Prof. HANGST: So we use energy to produce mass. And here's the curious thing. When you do that, you always make equal amounts of matter and antimatter. In the laboratory, if you produce an antiproton, you produce a proton at the same time. That seems to be a fundamental law. And that's why we're confused about the beginning of the universe.
So we make this stuff within the big accelerator and then slow it down. We want it at really cold temperatures when we combine antiprotons and positrons to make antihydrogen atoms.
FLATOW: Quite fascinating. And so, then you sort of recycle it when you're done with it, right? Getting and so you this could have been done years ago, do you think? Or just people...
Prof. HANGST: No, no, no. We've been working on this steadily since the well, the history of the field goes to the late '80s. And there's been no pause or let up in the attempt to get this far. The last big breakthrough was in 2002.
There's another experiment that we had called ATHENA, where we actually produced a lot of antihydrogen atoms for the first time. So we've been producing them for the last eight years. It's only now that we've learned how to hold on to them so they don't run off and annihilate.

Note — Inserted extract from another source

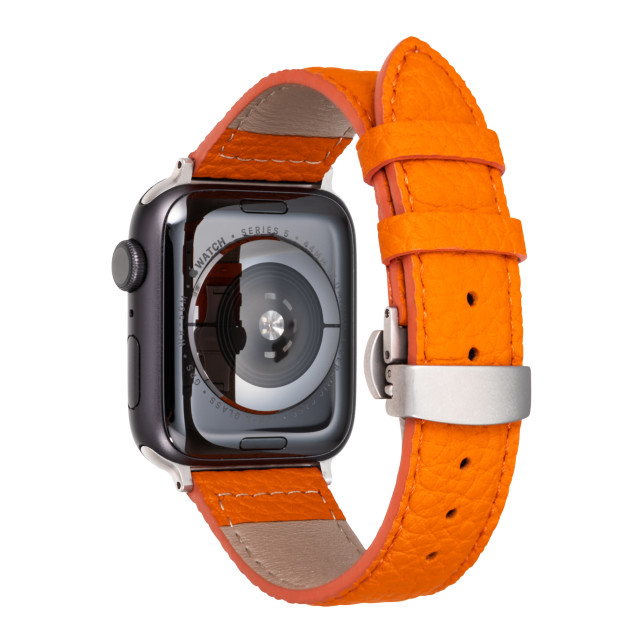 【Apple Watch バンド 49/45/44/42mm】German Shrunken-calf Watchband (Orange) for Apple Watch Ultra2/SE(第2/1世代)/Series9/8/7/6/5/4/3/2/1サブ画像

FLATOW: So you caught lightning in a bottle.
Prof. HANGST: That's a good way to look at it, yes.
FLATOW: Yeah. Well, we want to wish you good luck.
Prof. HANGST: Thanks very much.
FLATOW: And thank you for taking time to be with us.
Prof. HANGST: Hey, it's my pleasure.
FLATOW: And...
Prof. HANGST: And thank you for your interest.
FLATOW: Yeah, because we're very interested in this topic. And we'll check in with you when the research continues.
Prof. HANGST: Okay. Thank you very much.
FLATOW: Thank you.
Prof. HANGST: Okay.
FLATOW: We were talking about antimatter being caught in a bottle at CERN with Jeffrey Hangst, at - professor in Department of Astronomy and Physics at Aarhus University in Denmark, but he was in Switzerland when we were talking about him.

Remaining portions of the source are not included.